La révélation des appareils auditifs
Suite à cette première consultation, mes parents sont allés voir d’autres spécialistes, notamment à l’hôpital américain de Paris. On leur a dit qu’il fallait m’appareiller rapidement pour m’aider au quotidien et éviter que la surdité empire. Après la pose des appareils auditifs, beaucoup de choses ont changé pour moi.
❝ J’ai découvert certains sons à l’âge de 12 ans. ❞
Les craquements du parquet dans l’appartement haussmannien de l’ORL ou l’huile sur le feu qui crépite ont été de vraies révélations ! Je les découvrais pour la première fois avec un émerveillement mêlé à de la curiosité.

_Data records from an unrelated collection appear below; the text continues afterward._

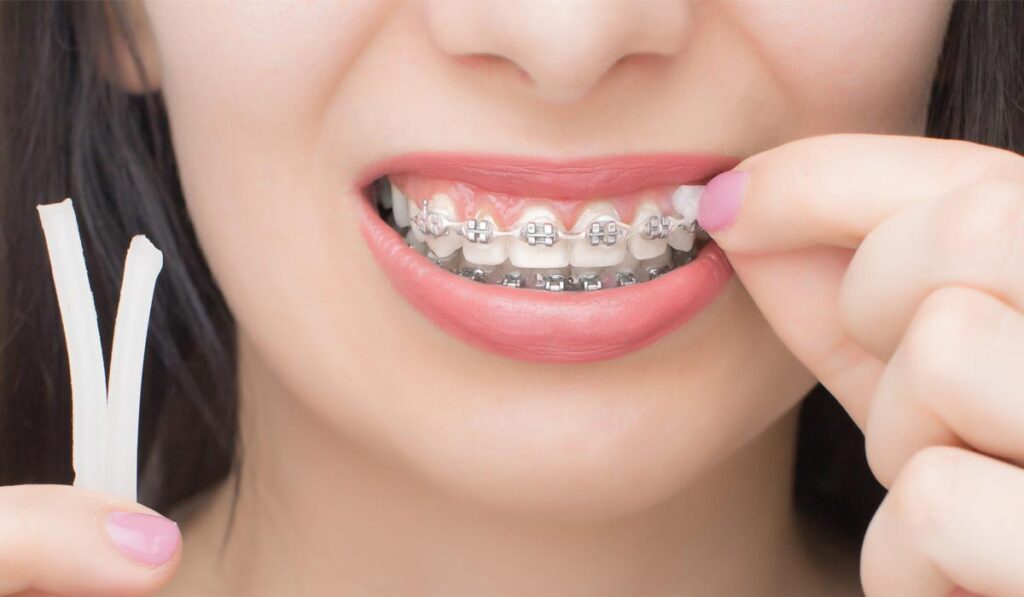 Tips para brackets: cera dental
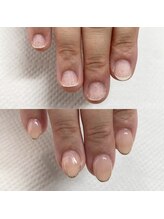 リーセンス(Re'ense)/深爪矯正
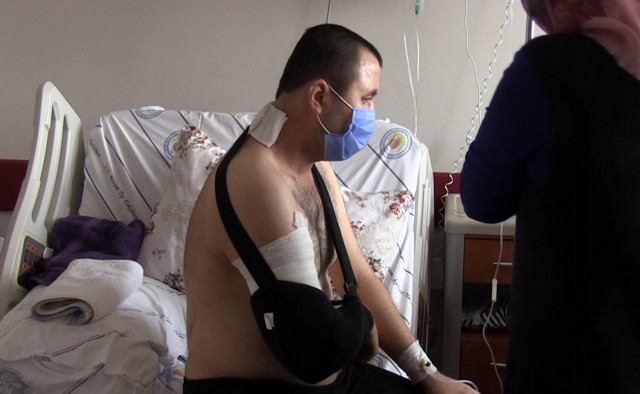 Konya'da torna operatörünün kopan kolu yerine dikildi - Resim: 1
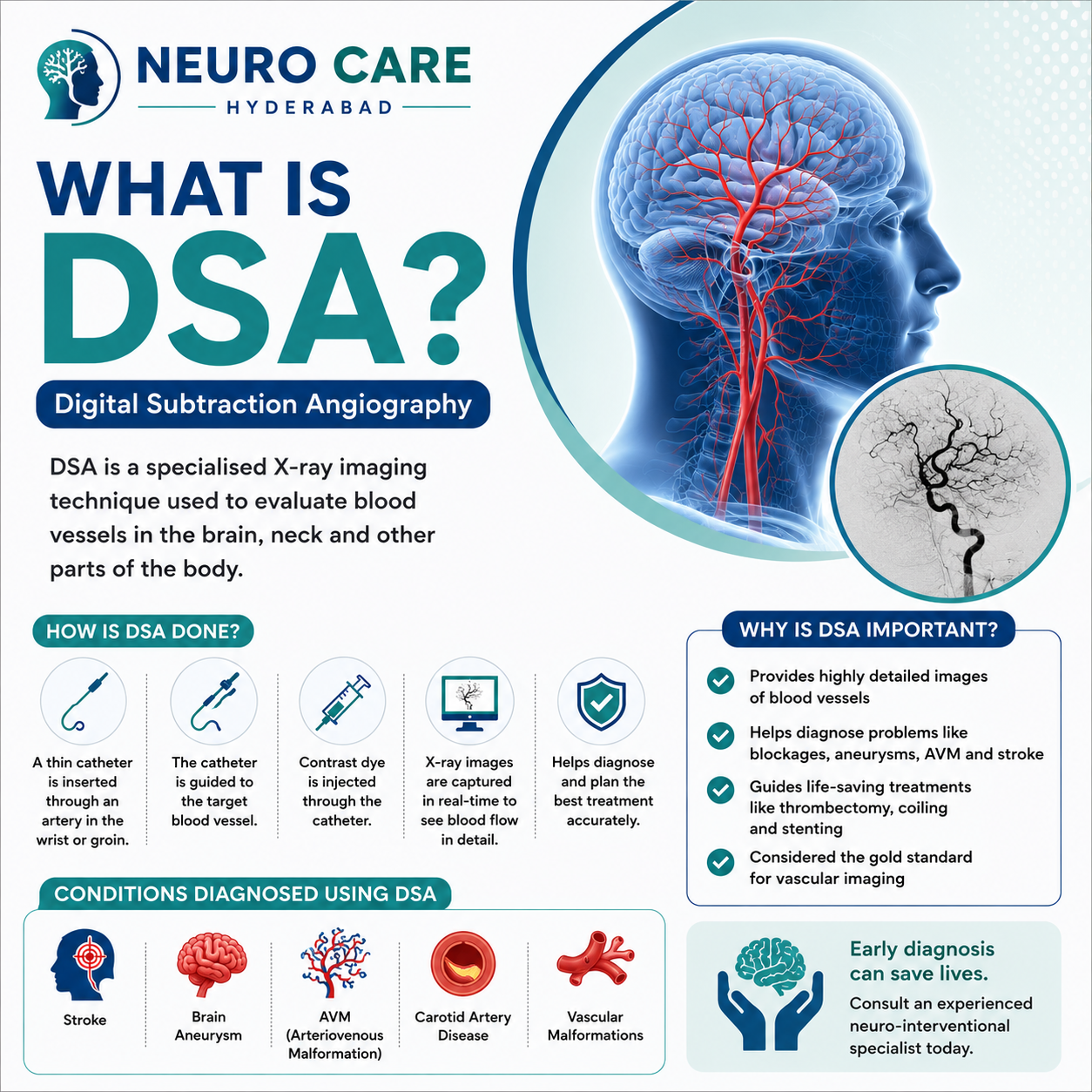 What is DSA?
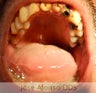 Total Restorations Crowns over Post Core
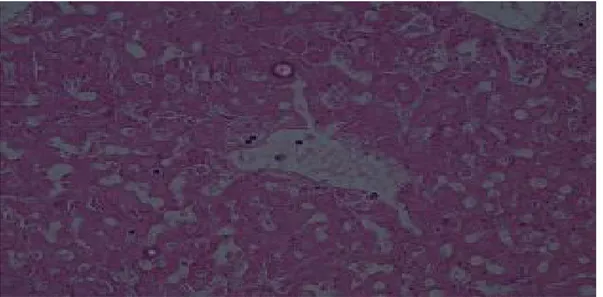 Gambar 3. Gambaran histopatologi hepar mencit pada kelompok Perlakuan 2 dengan perbesaran 400x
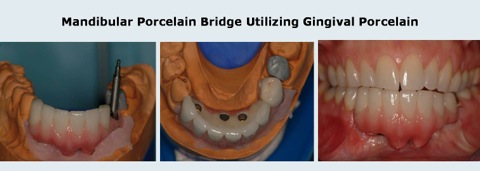 Crown_and_Bridge_5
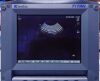 SONOSITE Titan Monitor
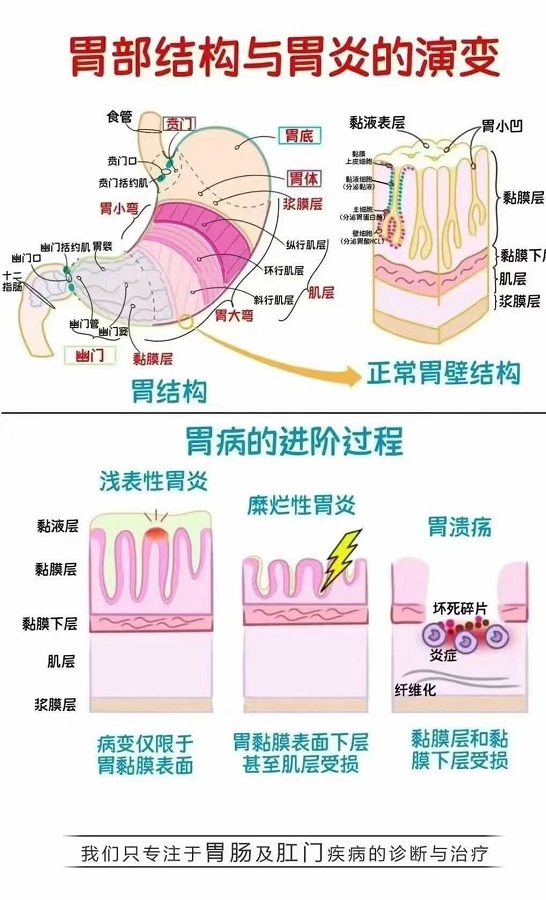 北京豐益橋醫(yī)院胃腸鏡工作站 胃炎的演變過程——憋一憋是過不去的！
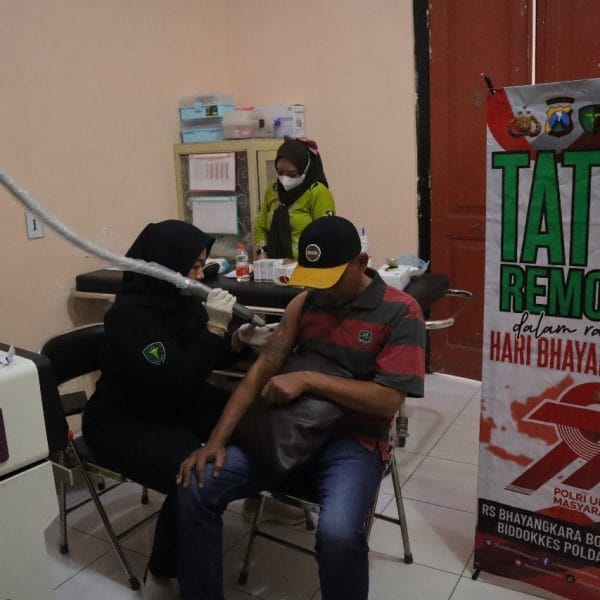 Polres Situbondo Beri Layanan Hapus Tato Gratis di Hari Bhayangkara ke -79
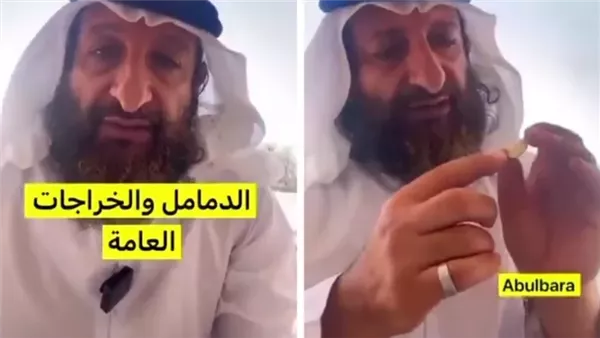 علاج الدمامل والثوم والحجامة مجربة وفعالة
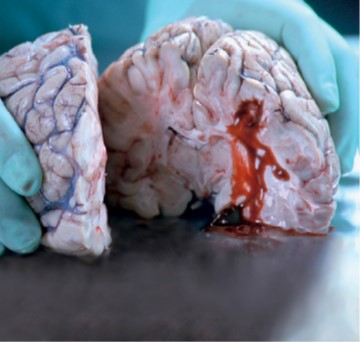 Smoking doubles your risk of stroke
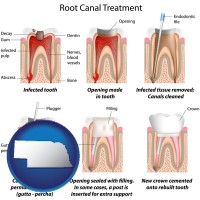 nebraska map icon and root canal treatment performed by an endodontist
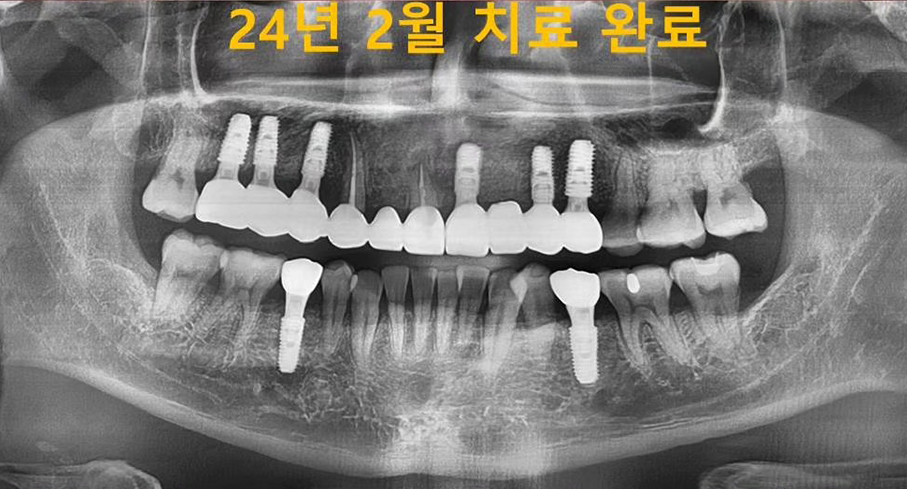 드림연합치과에서 임플란트 치료 후 치열이 고르게 정렬되고 임플란트가 아주 잘 된 모습니다. 이제 관리만 잘 하면 오랜 기간동안 임플란트를 자연치아처럼 유지할 수 있습니다. 드림연합치과에서 임플란트 치료 전의 환자 사진입니다. 치열이 고르지않고 이빨이 군데군데 빠져있으며, 고난이도로 보이는 치열입니다. 임플란트 치료는 단순한 치아 대체를 넘어 여러분의 삶의 질을 향상시키는 과정입니다. 드림연합치과에서는 평균 3-6개월에 걸쳐 진행되는 임플란트 치료를 통해 자연스러운 미소와 편안한 저작 기능을 되찾아드립니다. 우리의 전문적이고 체계적인 접근 방식으로 임플란트 성공률을 극대화하고, 환자 만족도를 높이고 있습니다 드림연합치과에서 임플란트 치료 후 치열이 고르게 정렬되고 임플란트가 아주 잘 된 모습니다. 이제 관리만 잘 하면 오랜 기간동안 임플란트를 자연치아처럼 유지할 수 있습니다. 드림연합치과에서 임플란트 치료 전의 환자 사진입니다. 치열이 고르지않고 이빨이 군데군데 빠져있으며, 고난이도로 보이는 치열입니다. 임플란트 치료는 단순한 치아 대체를 넘어 여러분의 삶의 질을 향상시키는 과정입니다. 드림연합치과에서는 평균 3-6개월에 걸쳐 진행되는 임플란트 치료를 통해 자연스러운 미소와 편안한 저작 기능을 되찾아드립니다. 우리의 전문적이고 체계적인 접근 방식으로 임플란트 성공률을 극대화하고, 환자 만족도를 높이고 있습니다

Ava - Comment s’est passé votre scolarité ? Puis votre vie professionnelle ?
Le défi d’étudier dans un environnement entendant
Après la découverte de ma surdité, on m’a proposé d’aller dans des écoles spécialisées pour les personnes sourdes et malentendantes. J'ai beaucoup réfléchi avant de faire mon choix : j'avais envie de rester avec mes amis entendants à l’époque car je ne connaissais personne d’autre comme moi. Avec ma famille, on venait juste de déménager à Lyon et je voulais à tout prix essayer de m’adapter au collège dans un milieu ordinaire.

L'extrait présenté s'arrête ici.